While the ruling is not expected to be made public until June – when SCOTUS typically releases its major decisions for the year – today's hearing marks yet another development in what has been an extended legal saga surrounding the rights of tribal entities to regulate gaming in their jurisdiction within the Lone Star State.
The history of this dispute is as convoluted as one would expect from an over three-decade-old legal battle, and it dates back to the earliest Supreme Court decisions allowing gambling on tribal lands.
In the seminal California vs. Cabazon Band of Mission Indians, the Court ruled that, while tribes could not cultivate forms of gambling that were prohibited statewide, if the given state allowed certain types of gambling, then that gambling could happen on the reservation unregulated by state law. In other words, the tribes have the autonomy to regulate gambling on their lands as long as the type of gambling was allowed throughout the state.

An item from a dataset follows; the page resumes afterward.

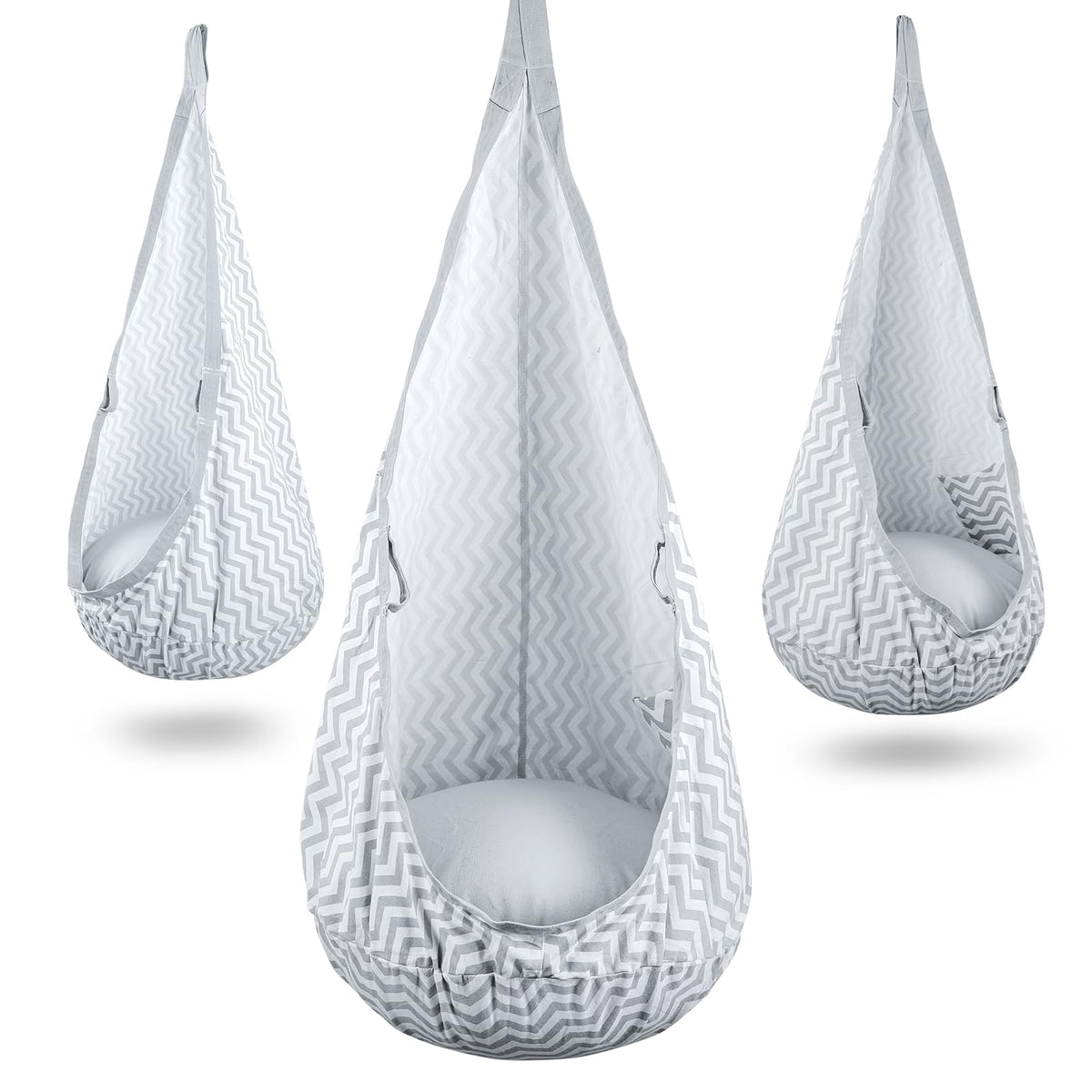 YAERSI pod swing front view showing cozy seat and shape for comfortable play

Congress’ Indian Gaming Regulatory Act (IGRA) of 1988 codified this ruling at the Federal legislative level.
The history of this dispute is as convoluted as one would expect from an over three-decade-old legal battle, and it dates back to the earliest Supreme Court decisions allowing gambling on tribal lands.
In the case of the Ysleta del Sur Puebla, this small reservation near El Paso maintains the right to continue operating a bingo-themed casino, unregulated by the Texas state government. The state challenges this right due to the nebulous history of the tribe’s jurisdictional status.

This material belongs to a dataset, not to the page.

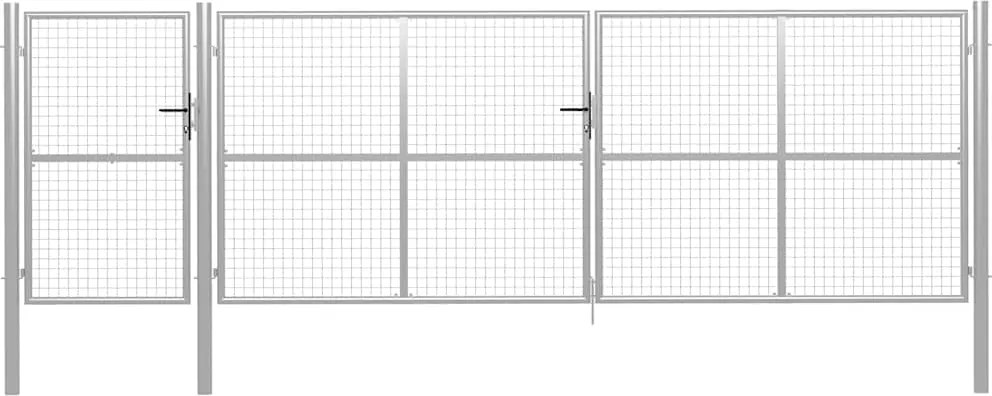vidaXL Poartă de grădină din oțel 500x150 cm, argintie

In 1968, this casino – which had been in the trust of the Federal Government – was transferred by Congress to the state of Texas. This lasted until 1983, when a lower court ordered that such a transfer of trust responsibilities was in violation of the Texas Constitution.
The next phase of the debate came in 1987, after Congress passed the Restoration Act, restoring the trust relationship between the tribe and the Federal Government. This occurred just after California vs. Cabazon Band of Mission Indians, which created the distinction set forth above concerning the rights of tribes to regulate their own gaming if it was legal statewide.
The question being debated today is whether the tribes (there is one more Texas tribe – the Alabama-Coushatta – in the same boat as the Ysleta del Sur Pueblo Indians) that are subject to the Restoration Act also fall under the distinction set forth by the IGRA.
The tribes believe they should, the state of Texas believes they should not.